Dear editor,
As an ex curriculum writer I’d like to comment about Tyler Olsen’s editorial ‘Battle against intolerance will be fought in history classrooms’ in your recent issue of the Comox Valley Record (Thursday, August 24, 2017). In his article Olsen expresses concern about a growing neo nazi tendency by young white males. His answer to the problem is to change the school curriculum by increasing content about disadvantaged minorities of our society. I need to point out that since Olsen’s day the BC social studies curriculum has become full of content about minority rights – including those of women, Dukabors, Metis, Japanese, Chinese, Aboriginal people, et al. So, if not content, what other force lurks below the surface of this growing intolerance? Olsen hits on the root, describing the above young white males as ‘mentally incompetent. ’While his own position ironically wreaks of intolerance, Olsen might not be surprised to find that over the past twenty years or so boys have been doing less well in school than ever before. And it wouldn’t be a surprise for the bottom-dwellers of this group to emerge from the school assembly line as despondent failures. Another needy minority, and another irony?

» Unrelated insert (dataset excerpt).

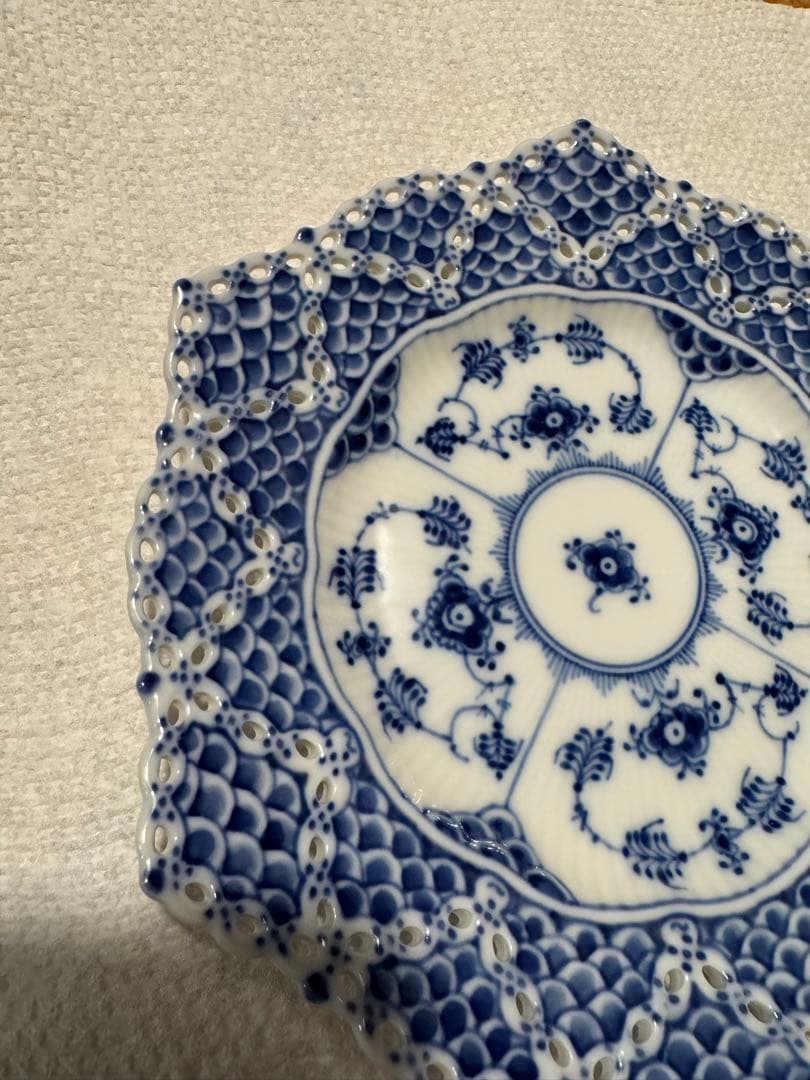 ロイヤルコペンハーゲンフルレースプレート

So, changing a curriculum that has already changed isn’t the answer. And, in my opinion, connecting between incessantly poor results in school to neo nazism may be a jump, but I agree with Mr. Olsen – intolerance is anti-social and takes us nowhere. The trouble is, as long as you put kids in a group you’ll always have a bottom. So what can be done? Schools need to be sensitive to the point that all students belong to one minority group or another, and as members of these various subgroups everyone can (and is expected to) make important contributions to our society. Finally, countering intolerance is something for all of us to engage in instead of heaping this daunting responsibility on one lone social studies teacher. Intolerance should be the beginning of conversations, not the end.